Product makers represent a small proportion of employees within an organization, especially compared with customer-facing teams such as sales, marketing, customer success, and support.

So instead of taking sole responsibility for the heavy lifting, product makers should aim to build a company-wide culture around gathering insights. To achieve this, people across the organization must develop a ‘product mindset’ and understand the specific role they play in the product development process. They must be trained to recognize good feedback and learn to tease out important patterns.

So what does this look like in practice? 

With their new’ product mindset’, sales and marketing teams aren’t just there to sell – now they have an ear to the market as well. This helps them answer important product-related questions, such as: What’s happening in the industry? What are competitors doing? What is your product’s main differentiator, and what is it missing? 

The customer success team is no longer just preventing customers from churning or encouraging them to renew. They are now actively trying to understand the gap between customer needs and the product’s capabilities, clarifying where the product falls short for the product team.

The support team is no longer merely reacting to customer issues. Instead, they are taking a more proactive approach, listening for usability pains to share with the product team. 

This new approach takes a concerted effort, and it won’t happen overnight. But with the right training, you can teach your customer-facing teams how to ask the right questions and participate in mature conversations around user insights. Once you build this culture, everyone becomes an extension of the product team.

The dos and don’ts of submitting user insights

The goal is to get your entire company involved in sharing user insights. But what does valuable input look like? Here are a few tips from the productboard team.

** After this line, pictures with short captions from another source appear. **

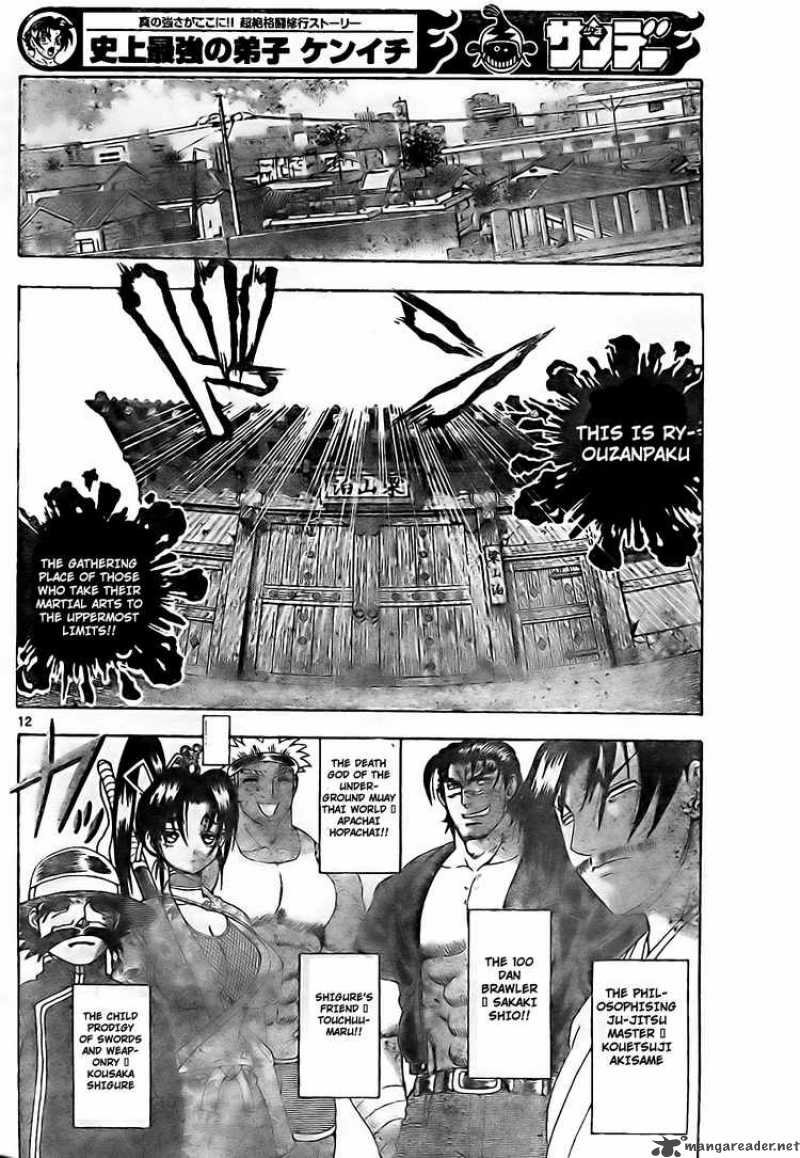 Historys Strongest Disciple Kenichi Chapter 344 Page 11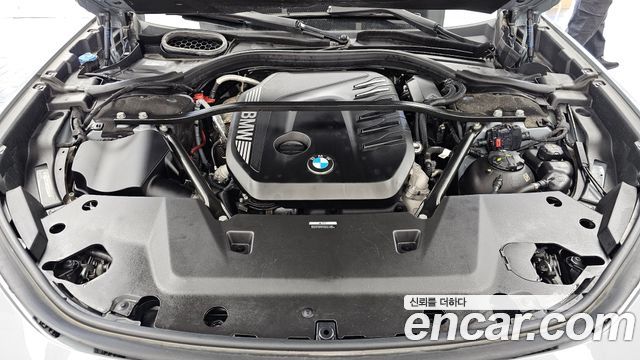 BMW 7-Series 2023 — photo 6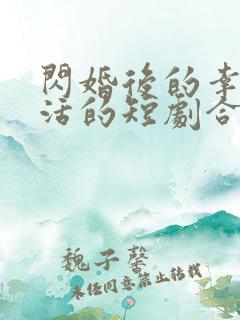 闪婚后的幸福生活的短剧合集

  • Do take the initiative to share the feedback rather than relying on product makers to do it based on casual conversations or topics discussed in meetings. 
  • Do provide feedback with context to make it actionable. 
  • Do be ready to participate in follow-up conversations with members of the project team.
  • Don’t simply pass on a feature request like, “We need a Salesforce integration.” Instead, provide details and context around the problem and the people it is affecting. 
  • Don’t create your own tags to categorize feedback. Only use tags provided by the team.

Getting to the bottom of what users really need

Customers are often opinionated about your product and the direction you should take it in. Unfortunately, they’re usually wrong. Why? Because when customers ask for a feature, they envision the ideal solution for their own needs.

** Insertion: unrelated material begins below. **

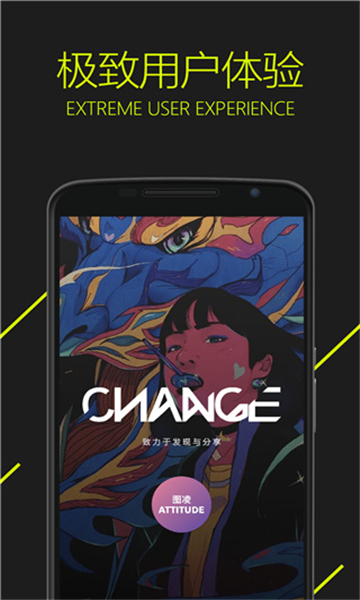 图凌app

Perhaps because we humans assume our own needs represent objective, universal problems, we overestimate others’ ability to understand them. Why else would so many customers be willing to take the time to compose a message, but then leave out key details surrounding why they need the solution they’re requesting? You can’t rely on customers to explain their needs to you. You need to dig deeper and unearth them yourself.

There are several frameworks to help you do this. Product thought leader Rich Mironov, for example, frequently uses the jobs-to-be-done framework. This helps him get to the heart of customer needs by reframing their relationship to their problems.

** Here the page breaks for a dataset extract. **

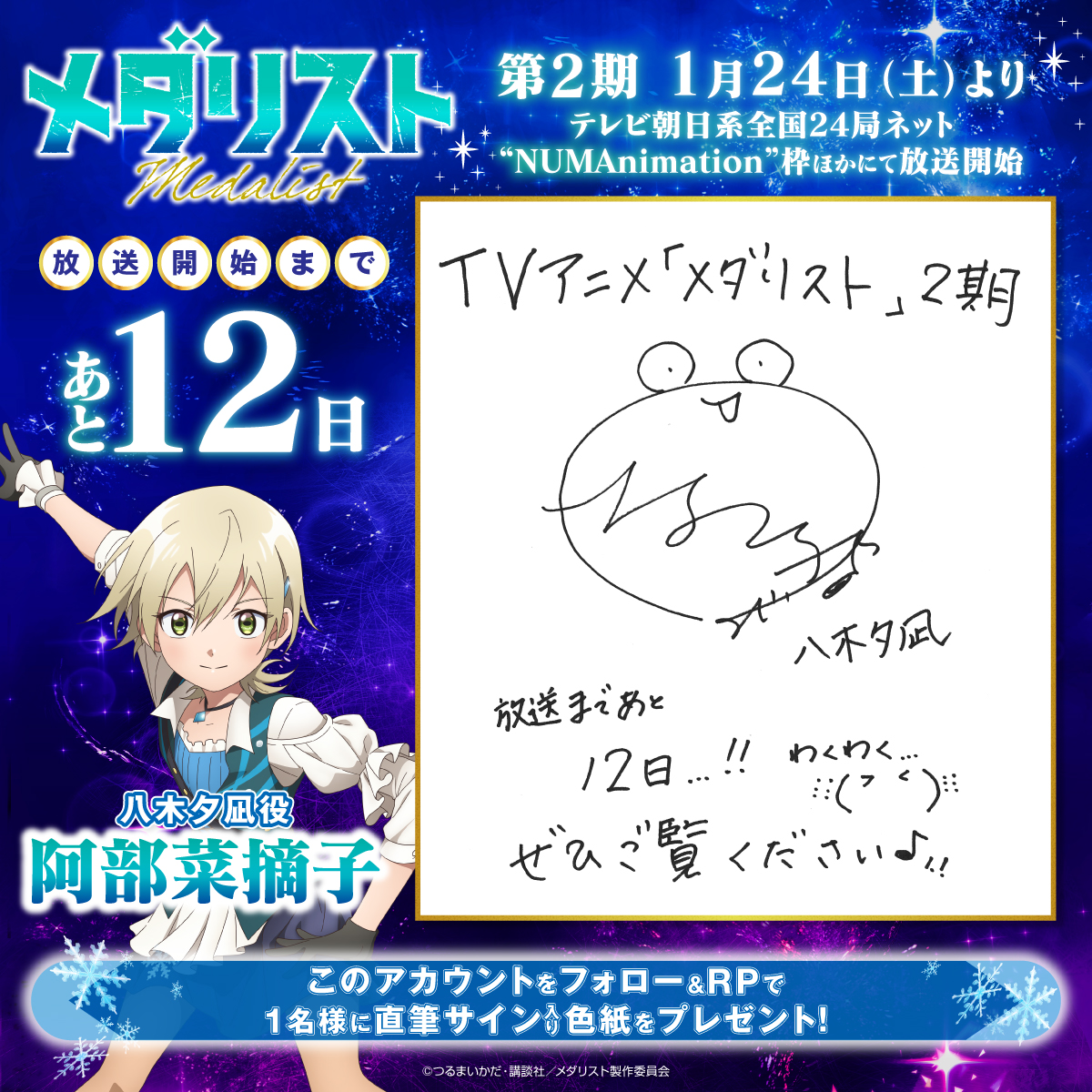 『メダリスト』アニメ公式⛸🏅 tweet media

The ‘5 Whys’ method is another, and one we like to use at productboard. Here’s how it works:

To identify customer needs, always ask why, then ask why again, sometimes ask a third time, and on occasion once or twice more after that. Uncovering customer needs is a multi-step process, and the trick is asking why in the right way. Each follow-up question you ask should serve to dig one level deeper towards uncovering the core user need at play. 

Nothing helps product managers uncover new customer needs quite like a genuine fascination with the problems they’re solving. And that’s something that gets built up one question at a time, over months or years of becoming an expert in a given space. 

The good news is that this process doesn’t just involve product makers. You’ll be getting help from other people and teams throughout your organization. And while it might take time to build a culture where everyone has a ‘product mindset,’ the results will be worth it.